Making Up Ground is a series written by Harrison Wicks which focuses on urban design history, theory, and implementation in American cities over the past century.
Urban Design Elements: Blocks, Edges and Gateways
Last week we identified the multiple urban design movements of the past century and highlighted their utility as a solution to the problems of their day. Just as one movement subsequently replaced its predecessor, urban design was and still is an evolving practice, demonstrating the prevailing essence that embodies the current time. Today we are going to talk about three essential elements of urban design that includes a brief analysis of city blocks, edges, and gateways.
First, the city block. The block has been a basic element of urbanism since the beginning of cities.

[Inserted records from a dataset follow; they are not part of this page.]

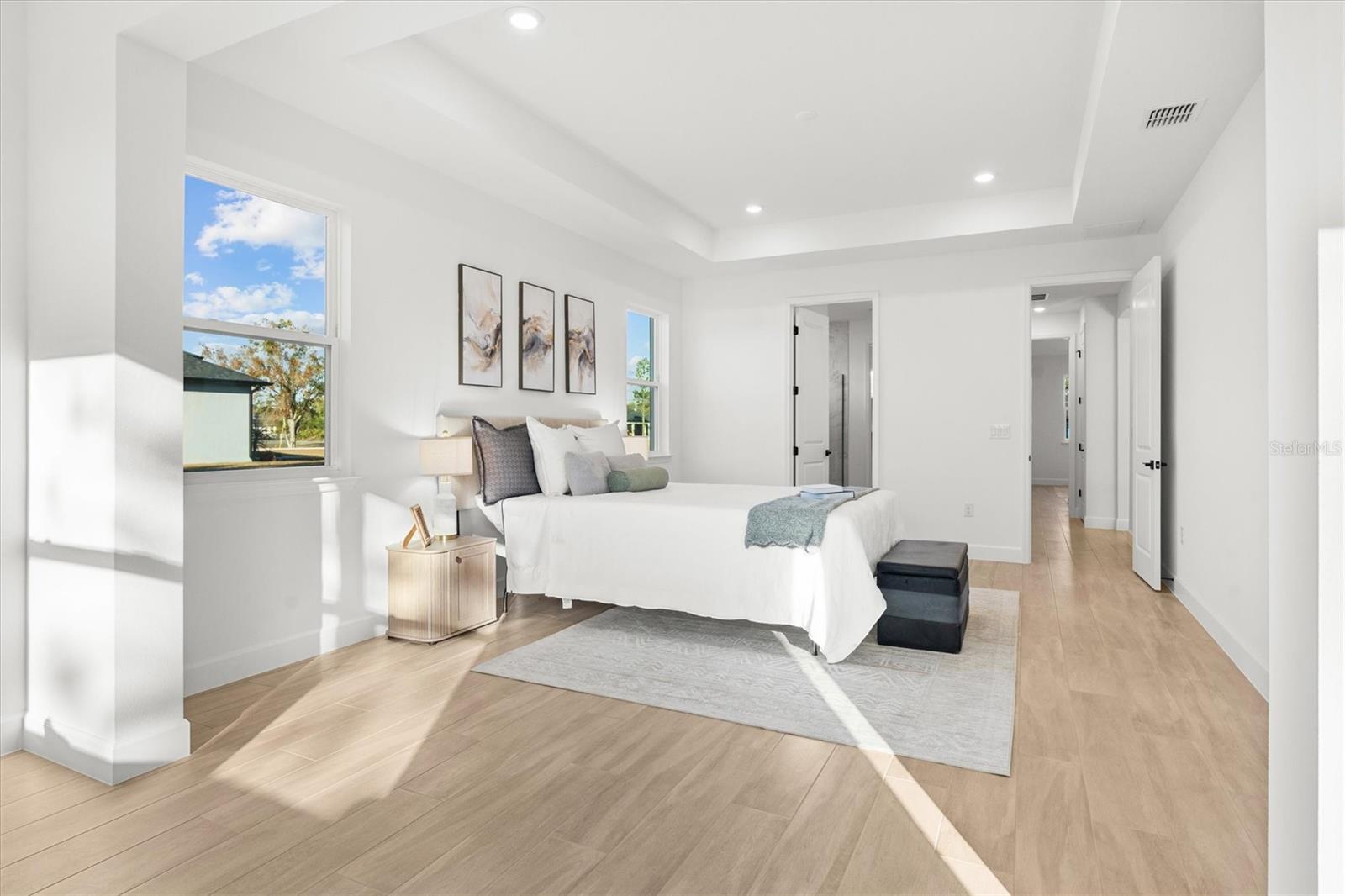 Image 24 of 39 For 3133 Cavalier Avenue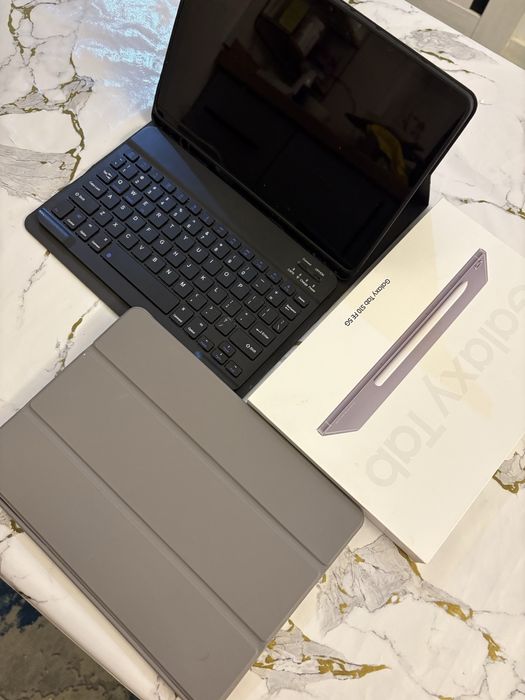 Планшет Samsung tab 10S FE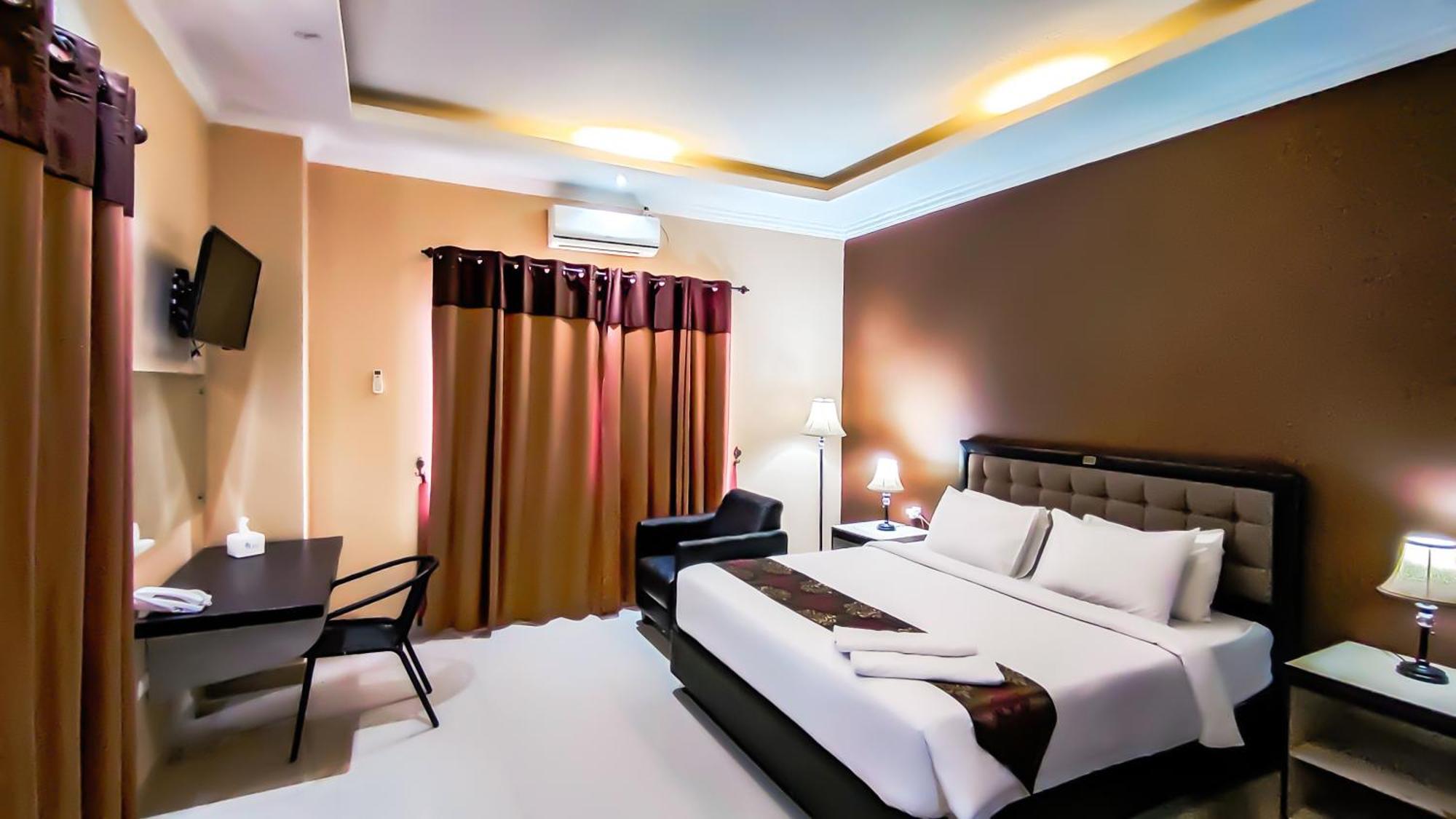 Jts Hotel Sinabono Exterior photo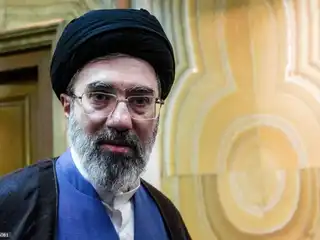 މުޖުތަބާ ޚާމަނާއީގެ މެސެޖެއް: އީރާންގެ ދުޝްމަނުން ދަނީ ބަލިވަމުން 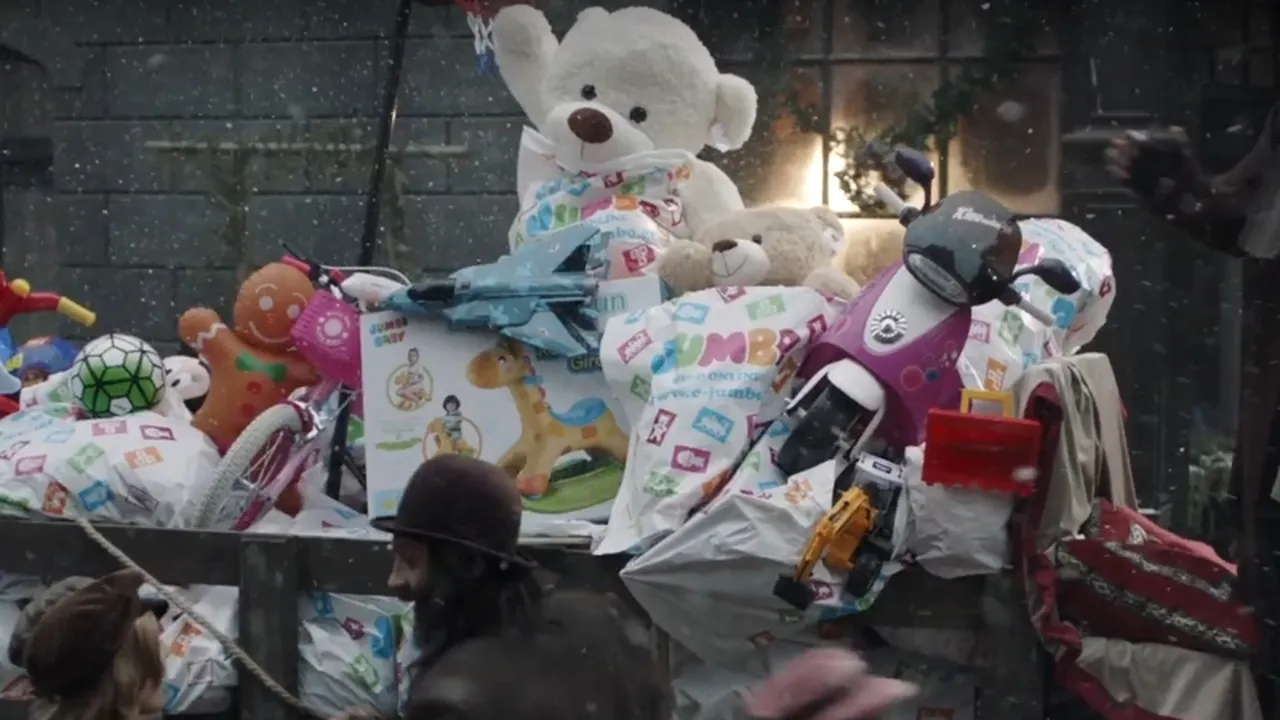 Câți bani încasează o casieră de la Jumbo. Salariul lunar cu tot cu bonusuri și bonuri de masă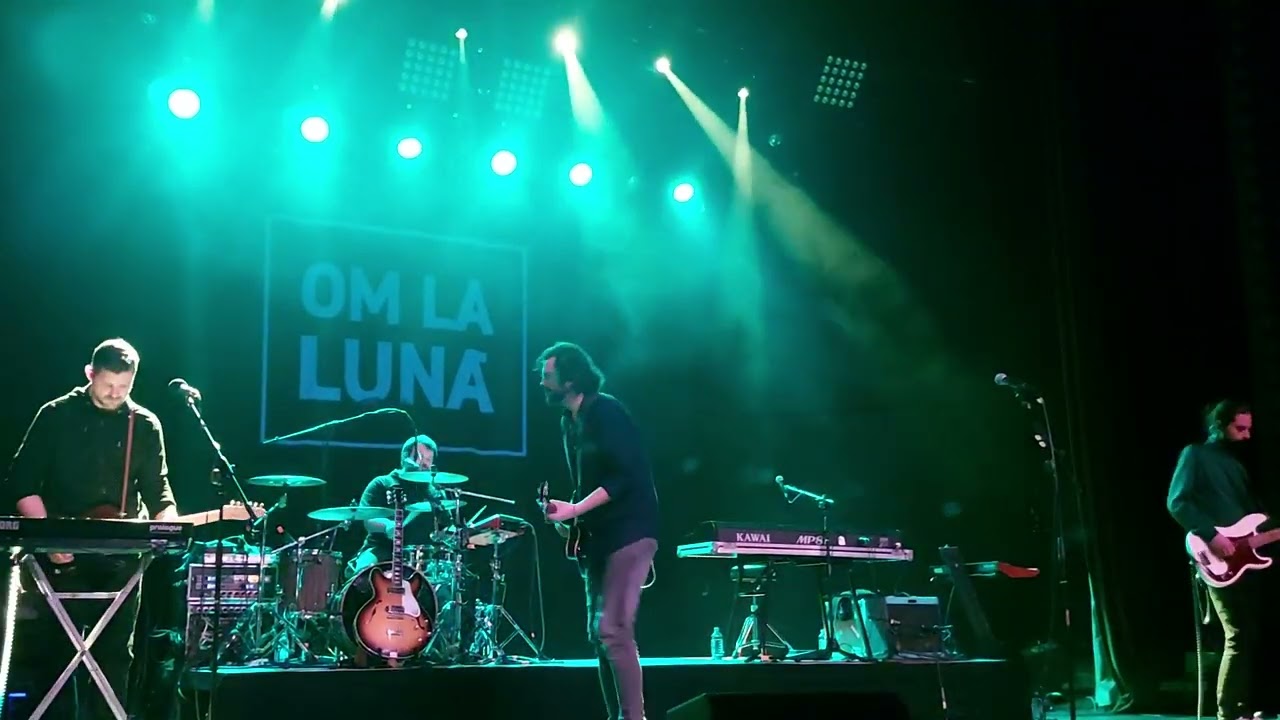Om La Luna - La Capat De Linie LIVE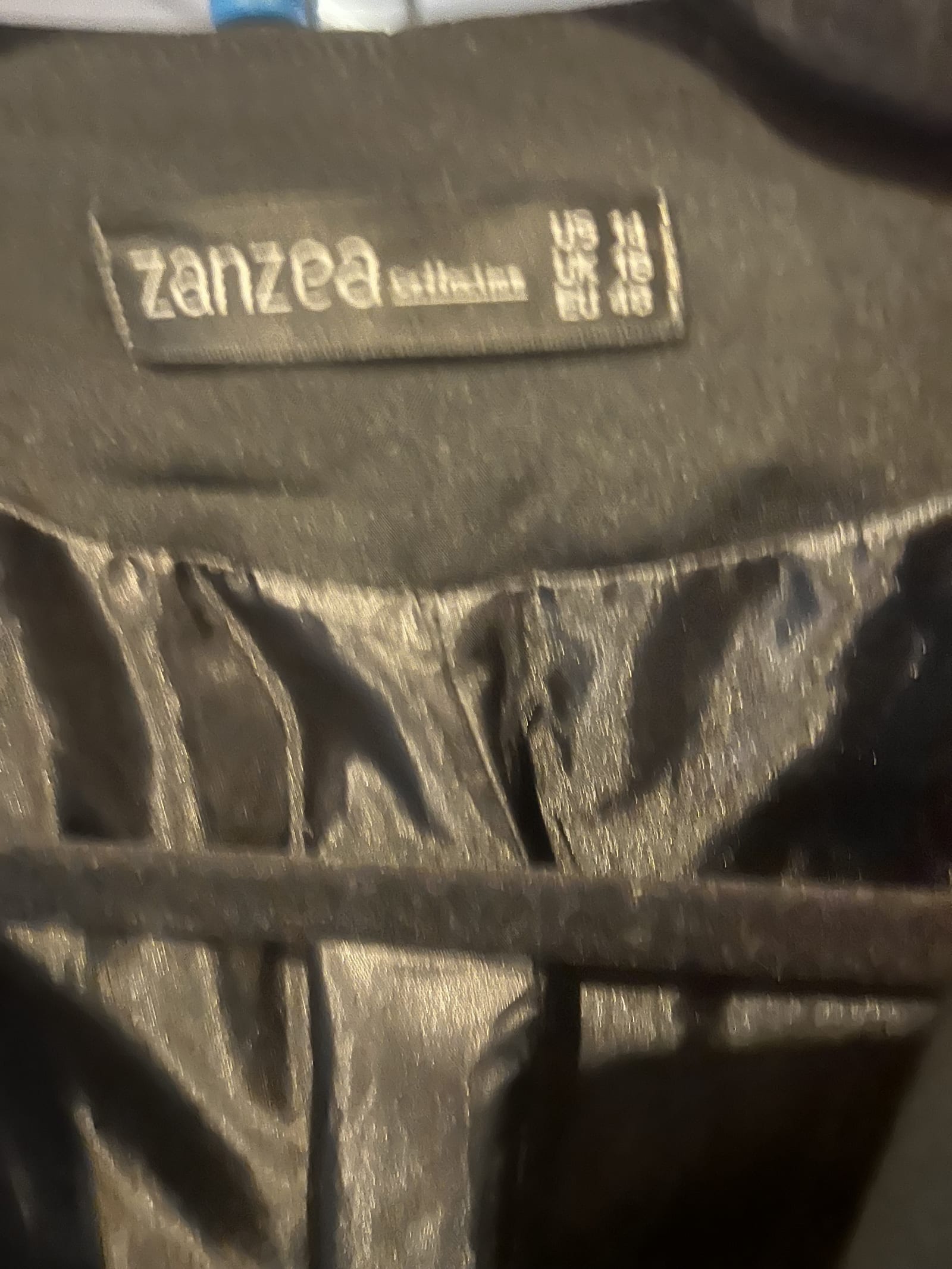 87333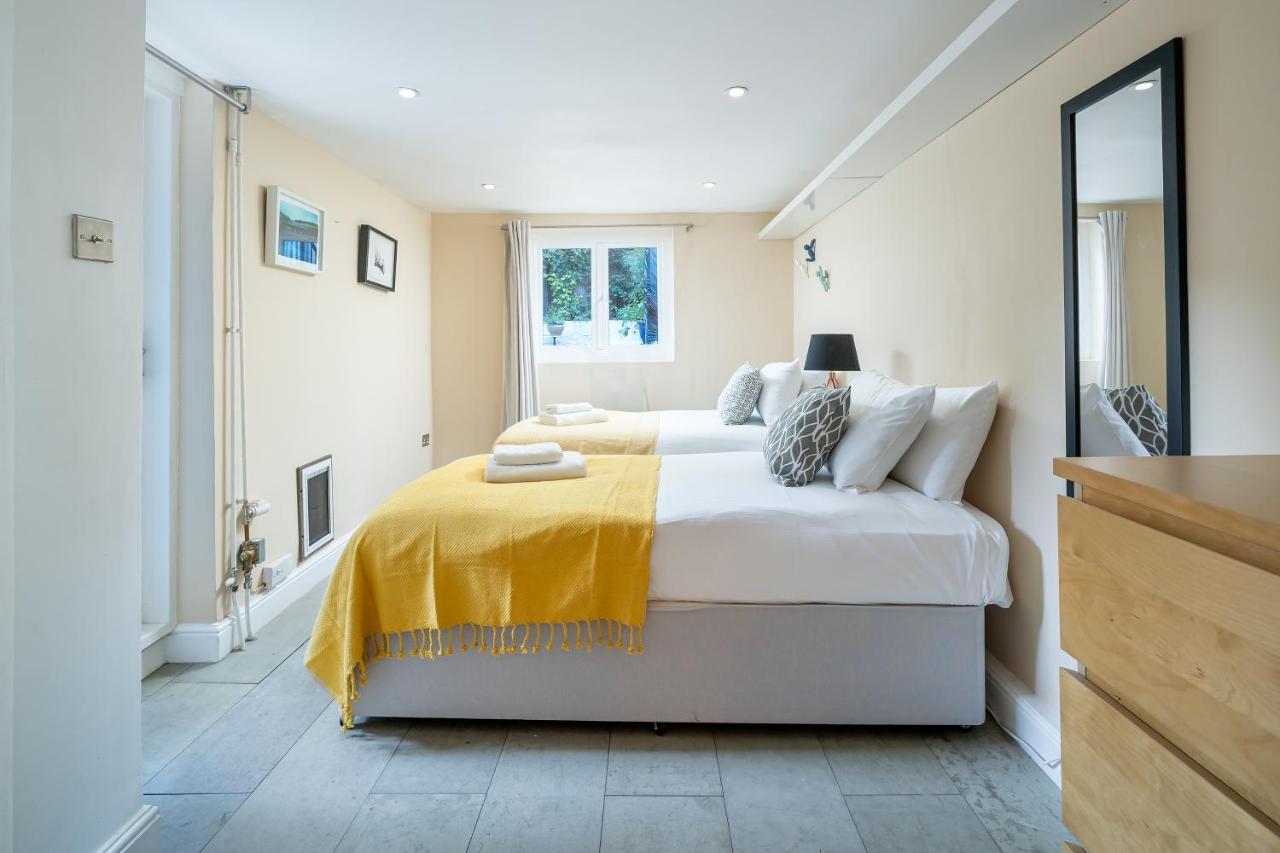Sleek Flat With Communal Courtyard Londra Exterior foto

When we previously discussed the history of urban design in our series entry #1, ancient Greek cities were structured on a grid system that utilized the block. Fast forward to colonial North America, immigrants settling in the United States brought with them the grid pattern techniques to building cities similar to Europe and before.
In general, a city block is an area that is surrounded by streets on all sides and forms the basic unit of a city’s urban fabric. A key to understanding the block structure is to understand that there are many iterations- small blocks, grid blocks, ambiguous blocks, interlocking blocks, super blocks, and even megablocks. These terms indicate a changing capacity and scale of urban form. A wonderful episode completed by the 99 Percent Invisible podcast highlights the variety of block sizes throughout the United States and goes in depth with Salt Lake City’s Plat of Zion. Seriously, check this episode out!
Salt Lake City, UT
Due to the variation in block size, sentiments and perceptions of city blocks are unique. For instance, a common observation about New York City is that due to the rectangular shape of its blocks it makes walking cross town seem like a more strenuous task because it takes longer to reach the next block while walking uptown or downtown seems to pass by more quickly. Additionally, the rectangular block may restrict economic development in that businesses located on the streets have a perceived harder time succeeding because fewer pedestrians walk down them as opposed to on the avenues.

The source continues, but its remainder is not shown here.